Считалось, что работать должны все взрослые – «Кто не работает, тот не ест». Допустим. Вот только официальные представители партии в деревне не предоставляли матери работу, поскольку она не говорила по-корейски. Мать была очень способной женщиной. Она разбиралась и в технике, и в математике, имела опыт ухода за больными – но местные партийные бонзы ее и слушать не хотели. В конце концов селяне узнали, что она кое-что понимала в акушерстве, и часто обращались к ней за помощью. И все же ее воспринимали как гражданку третьего класса, и власти считали, что от нее мало пользы.
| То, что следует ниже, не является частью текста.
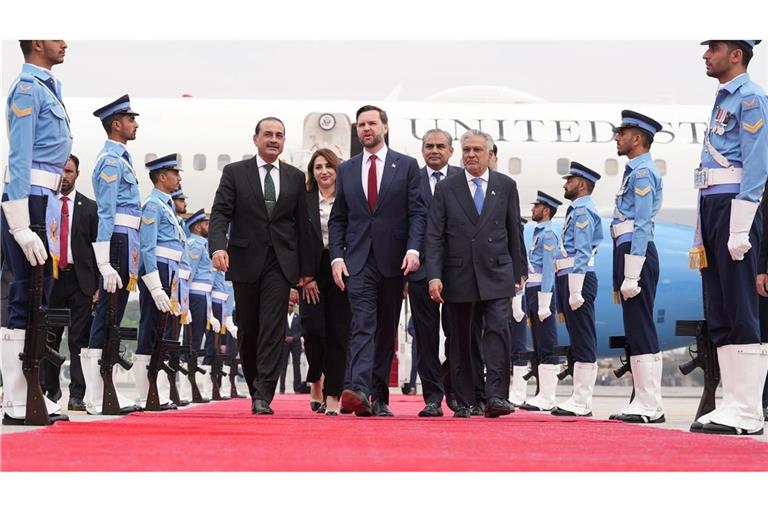 Die US-Delegation um JD Vance landete auf einem Luftwaffenstützpunkt nahe der Hauptstadt Islamabad.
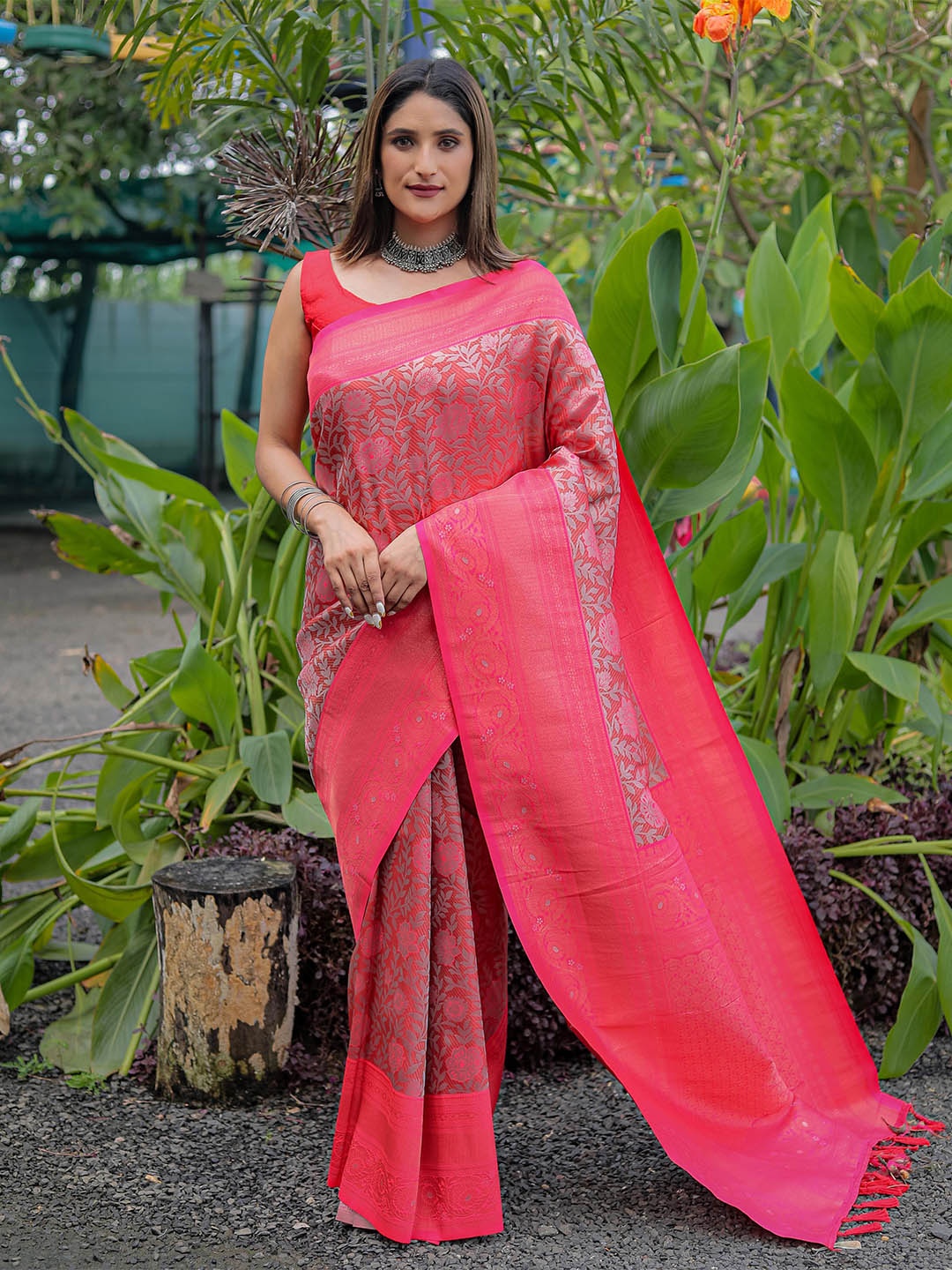 

Mitera Red & Pink Floral Zari Silk Blend Kanjeevaram Saree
И моя мать вынуждена была каждый день отправляться в горы, которые начинались как раз за домом, чтобы собрать там дикие растения и корешки или что-то еще, что можно было бы употребить в пищу.

Нехватка еды усугублялась тем, что то немногое, что удавалось раздобыть, было очень сложно приготовить. У нас в доме была только примитивная дровяная печь. Дров всегда оказывалось либо слишком мало, либо слишком много, так что регулировать жар не было никакой возможности. В итоге рис выходил либо недоваренным, либо подгоревшим. Но отец никогда не жаловался. Он съедал все без разговоров. Пожалуй, это было единственной положительной чертой переезда в Северную Корею – отца моего будто подменили. Он оказался способен проявлять доброту – хоть немного. Спасибо и на этом.

Мы с сестрами быстро росли, и нас всегда донимал голод. Питались мы главным образом рисом, и через некоторое время такое однообразие начало раздражать. Отец продал один из наших драгоценных велосипедов и часть привезенной из Японии одежды местным партийным деятелям. Обзаведясь небольшой суммой денег, он отправился на крестьянский рынок на окраине деревни. В Северной Корее продовольствие распределяло государство, и любые частные его продажи были запрещены. Но иногда власти смотрели на это сквозь пальцы, и крестьяне могли продать немного овощей и яиц. Нетрудно догадаться, что цены были запредельными – раз в 10 выше государственных.